The Company continued with its efforts to build a Feature Film library
during the second quarter of 2000. It acquired certain distribution rights to a
number of feature films including "Kids World", a full length feature film
starring Christopher Lloyd and Blake Foster that the Company intends to release
theatrically in the fall of this year.
The Company also entered into an agreement with Talk Visual Corporation
to provide them with entertainment content for delivery to their Visual
Telephone customers. This agreement provided for a revenue split and an exchange
of shares between the two companies.
The Company formed EnterTech Home Entertainment, Inc., a wholly owned
subsidiary in order to develop a Video and Television sales business. This is
expected to contribute revenues to the Company from the fourth quarter of 2000.
Management continued to arrange funding for the Company by way of
shareholders loans and subscription for new shares and also issued shares to
certain companies and individuals in lieu of services rendered.
Management expects that its efforts and strategy will deliver revenues
and profitability to the Company within the next year.
During the next twelve-month period, the Company intends to develop its
operations from capital contributions made by management and existing
shareholders. For example, the Company has obtained substantial funding from
Whyteburg Limited, one of the Company's shareholders. To date, such funding from
Whyteburg totals $659,776. A loan agreement dated April 30, 1999 governs the
terms of the loan of funds from Whyteburg. However, all amounts received from
Whyteburg through the end of 1999, funds totaling $195,396, have been
capitalized and are not carried on the Company's books as loans. Whyteburg has
consented to this treatment of such funds. At this point in time the success of
the Company's future operation is entirely dependent on management and
shareholder funding of operations. Management believes that it can provide
sufficient funding for the Company's operations for the next 12 months. Also
management will attempt to finance the production of its films through "off
balance sheet" financing. Generally speaking, "off balance sheet financing"

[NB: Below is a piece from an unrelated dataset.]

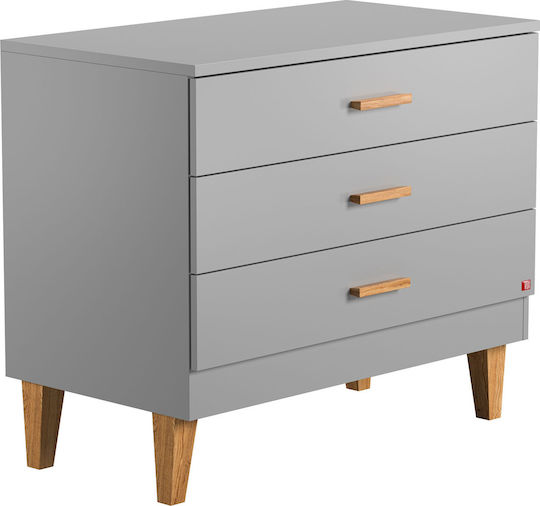 Lounge Βρεφική Συρταριέρα με 3 Συρτάρια Γκρι 100x55x86.5cm Lounge Βρεφική Συρταριέρα με 3 Συρτάρια Γκρι 100x55x86.5cm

refers to the use of funds from venture partners or from subsidies from third
parties. By using such financing, the Company does not intend to use its own
funds for the production of the films it produces. It will use established
methods of film financing to avoid as far as is possible any financial risk or
burden to its shareholders in relation to such costs. For example, it is common
practice in the film industry to bring in joint venture partners who provide the
11
<PAGE>
necessary production funds in return for a profit participation in the film.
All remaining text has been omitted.